(Task statement)
Pull out of the data below the stretch of lines bounded by the one containing "Camping L'Eau Vive" and the one containing "Елегантен дамски костюм в бяло Elenya Bogas", both bounds included, unchanged.
-- Materials provided follows --
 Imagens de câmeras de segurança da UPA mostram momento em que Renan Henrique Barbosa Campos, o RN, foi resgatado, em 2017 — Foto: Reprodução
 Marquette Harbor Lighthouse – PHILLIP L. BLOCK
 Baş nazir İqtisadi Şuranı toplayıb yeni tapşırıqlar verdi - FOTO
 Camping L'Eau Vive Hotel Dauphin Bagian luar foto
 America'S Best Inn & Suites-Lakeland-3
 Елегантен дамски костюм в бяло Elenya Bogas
-- Materials provided concluded --
-- Materials provided follows --
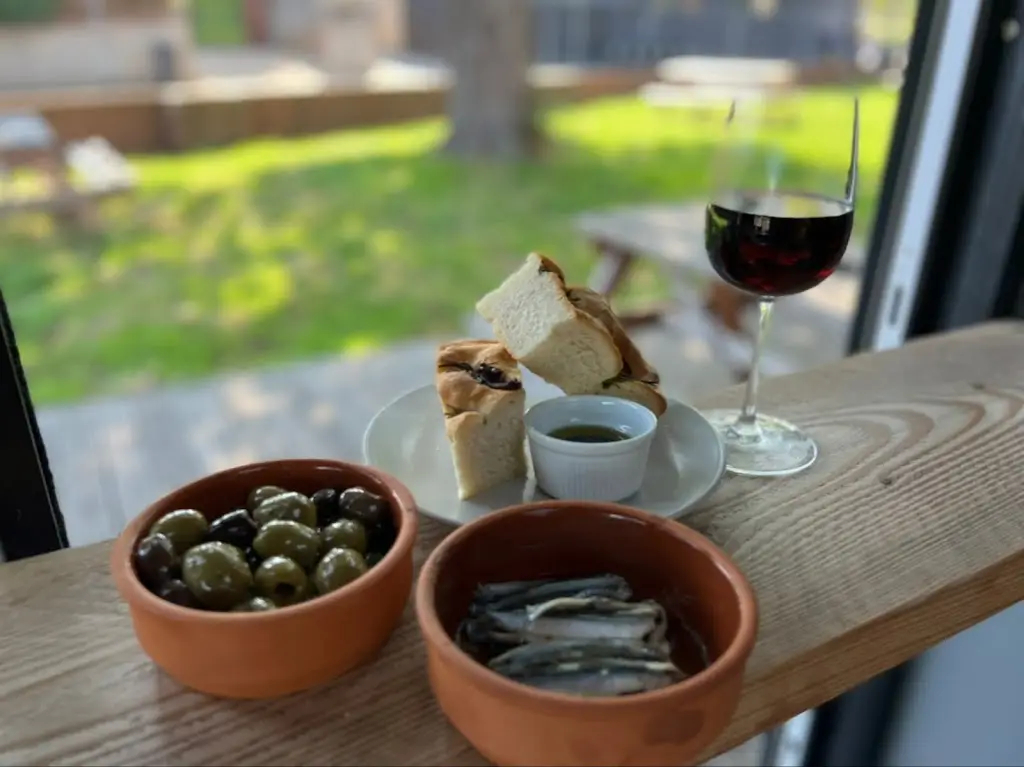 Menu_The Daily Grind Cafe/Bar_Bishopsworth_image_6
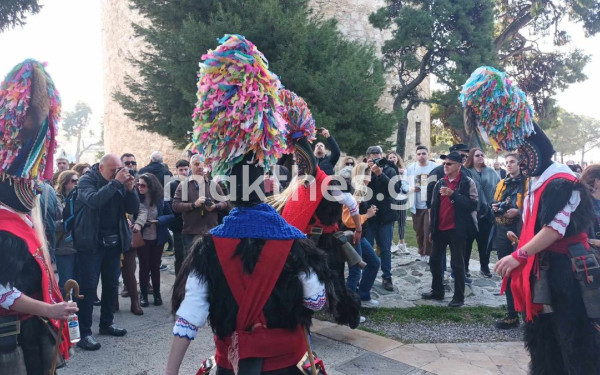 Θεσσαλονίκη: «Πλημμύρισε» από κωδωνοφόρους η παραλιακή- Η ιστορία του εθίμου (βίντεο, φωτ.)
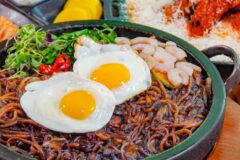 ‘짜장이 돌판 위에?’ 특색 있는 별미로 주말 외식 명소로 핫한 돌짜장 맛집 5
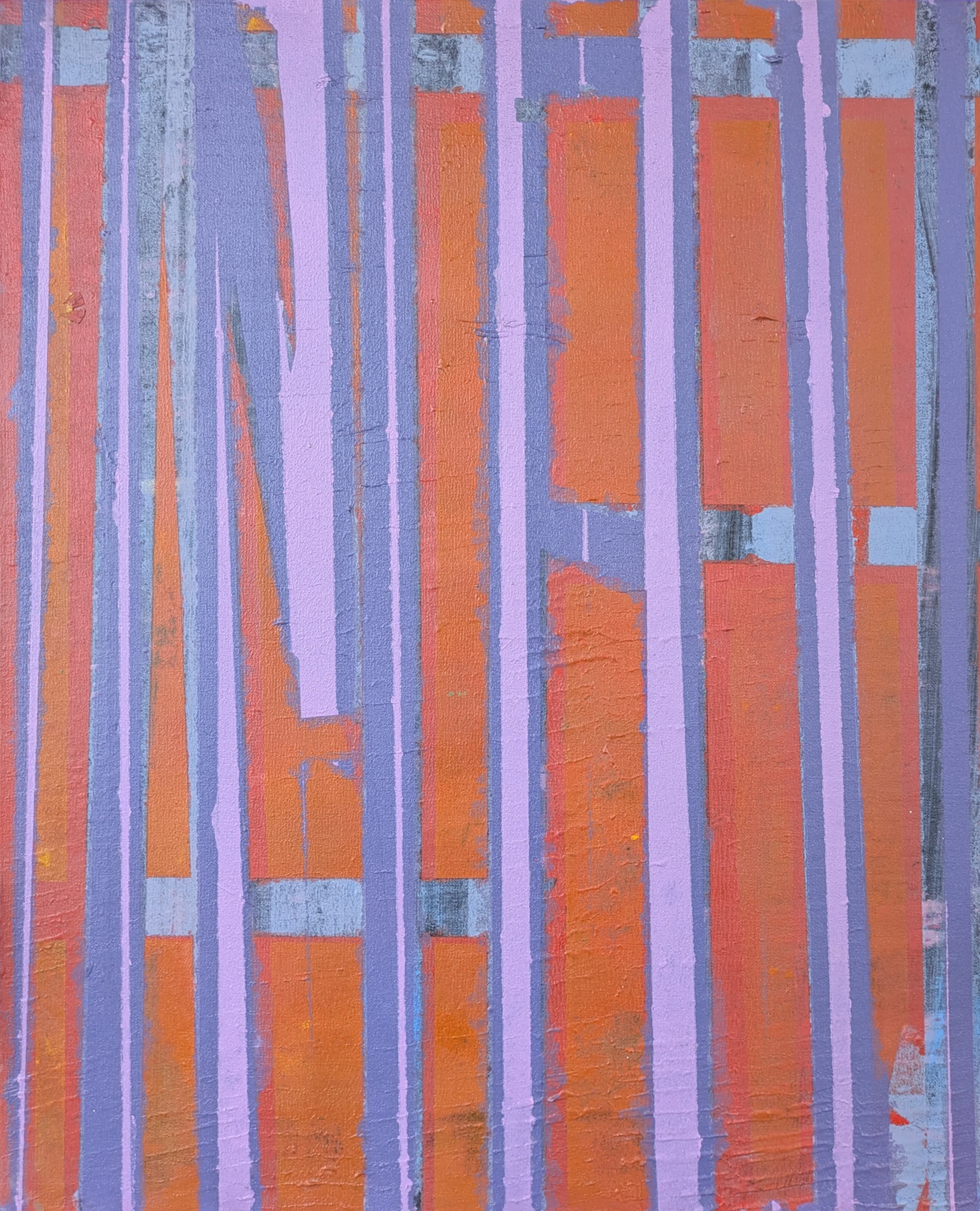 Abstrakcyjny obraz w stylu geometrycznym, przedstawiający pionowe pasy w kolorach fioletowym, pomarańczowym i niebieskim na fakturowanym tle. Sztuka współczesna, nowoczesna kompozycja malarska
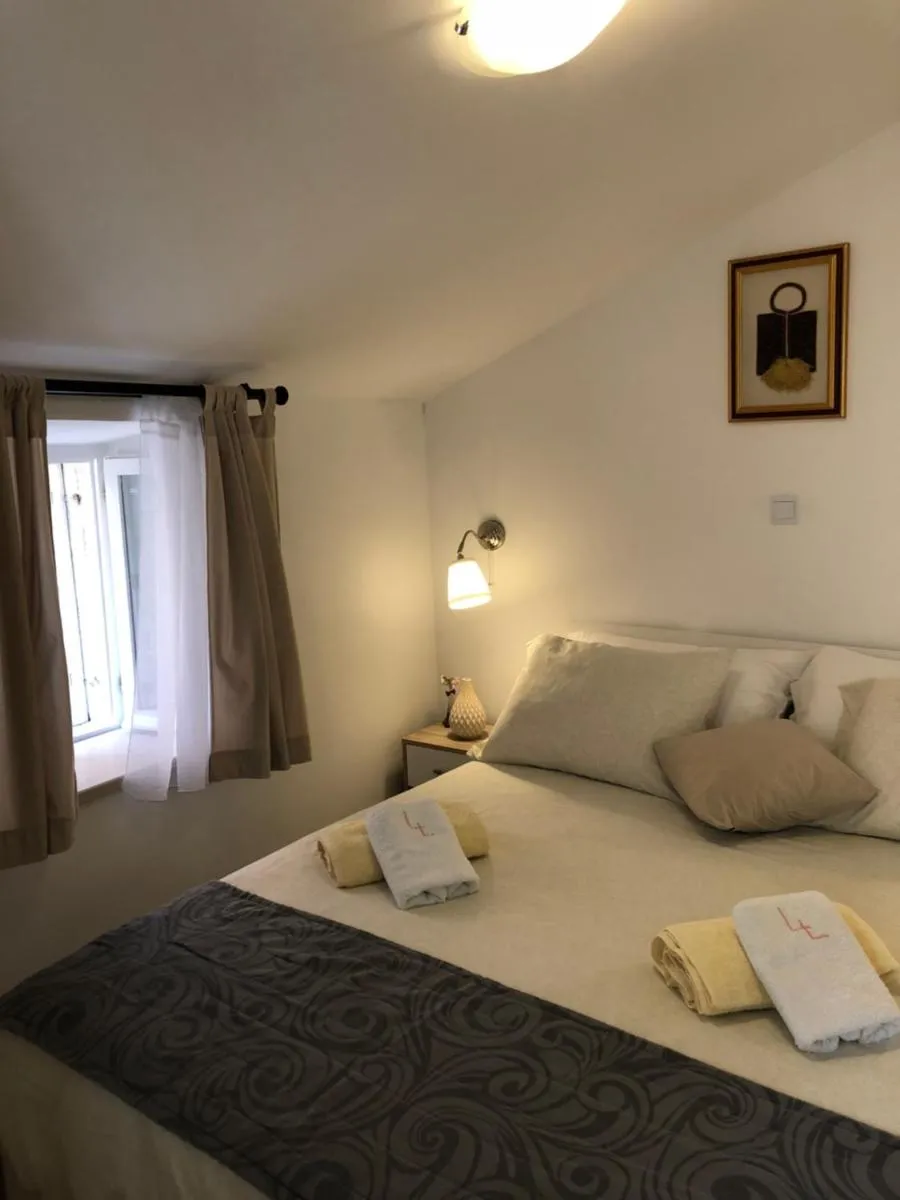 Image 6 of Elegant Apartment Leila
-- Materials provided concluded --
-- Materials provided follows --
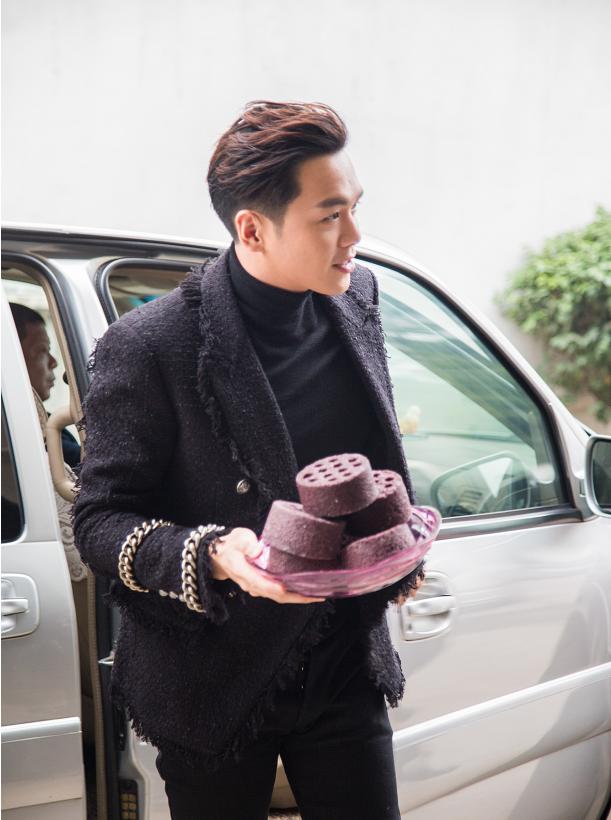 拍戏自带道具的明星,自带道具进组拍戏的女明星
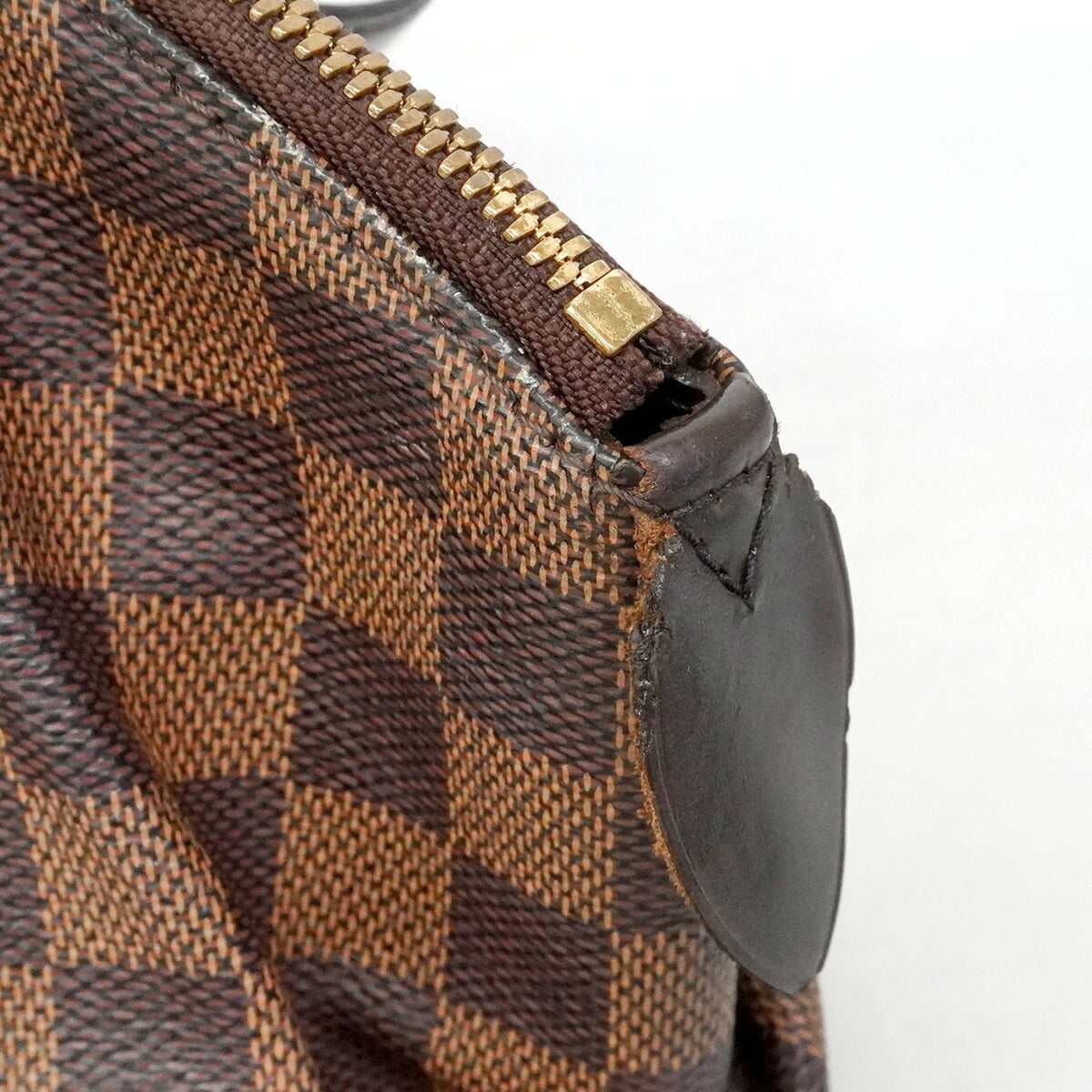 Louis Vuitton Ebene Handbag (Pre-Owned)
-- Materials provided concluded --
(Solution to the exercise)
 Camping L'Eau Vive Hotel Dauphin Bagian luar foto
 America'S Best Inn & Suites-Lakeland-3
 Елегантен дамски костюм в бяло Elenya Bogas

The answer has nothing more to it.